**PROBLEM TO WORK ON:** Those lines of the material below that fall between its first line and the line with "Bailarina ante lazo", both included, are to be repeated exactly.

=== Section Start ===

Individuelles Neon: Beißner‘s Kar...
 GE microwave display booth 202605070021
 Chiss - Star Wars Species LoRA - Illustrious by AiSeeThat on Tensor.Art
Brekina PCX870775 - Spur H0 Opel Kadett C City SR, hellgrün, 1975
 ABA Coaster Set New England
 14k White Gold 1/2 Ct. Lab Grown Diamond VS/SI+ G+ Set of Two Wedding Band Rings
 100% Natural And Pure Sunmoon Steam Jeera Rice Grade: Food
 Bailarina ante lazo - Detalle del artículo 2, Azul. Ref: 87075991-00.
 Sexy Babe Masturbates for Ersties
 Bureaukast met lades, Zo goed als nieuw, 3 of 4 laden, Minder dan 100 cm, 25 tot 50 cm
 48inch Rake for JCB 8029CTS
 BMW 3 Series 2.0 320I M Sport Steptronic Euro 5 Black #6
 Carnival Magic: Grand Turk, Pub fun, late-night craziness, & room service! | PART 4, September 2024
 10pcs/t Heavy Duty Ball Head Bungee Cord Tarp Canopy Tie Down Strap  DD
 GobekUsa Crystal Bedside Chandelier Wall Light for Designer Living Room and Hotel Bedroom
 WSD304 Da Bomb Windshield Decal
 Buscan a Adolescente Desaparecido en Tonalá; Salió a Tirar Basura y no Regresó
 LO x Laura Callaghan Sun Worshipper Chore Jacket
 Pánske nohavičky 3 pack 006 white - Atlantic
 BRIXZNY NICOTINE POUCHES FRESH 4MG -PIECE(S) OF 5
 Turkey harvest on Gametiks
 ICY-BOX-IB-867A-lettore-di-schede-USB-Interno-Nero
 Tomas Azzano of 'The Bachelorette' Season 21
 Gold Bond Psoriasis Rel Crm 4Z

=== Section End ===

**ANSWER FOR THIS EXERCISE:**
Individuelles Neon: Beißner‘s Kar...
 GE microwave display booth 202605070021
 Chiss - Star Wars Species LoRA - Illustrious by AiSeeThat on Tensor.Art
Brekina PCX870775 - Spur H0 Opel Kadett C City SR, hellgrün, 1975
 ABA Coaster Set New England
 14k White Gold 1/2 Ct. Lab Grown Diamond VS/SI+ G+ Set of Two Wedding Band Rings
 100% Natural And Pure Sunmoon Steam Jeera Rice Grade: Food
 Bailarina ante lazo - Detalle del artículo 2, Azul. Ref: 87075991-00.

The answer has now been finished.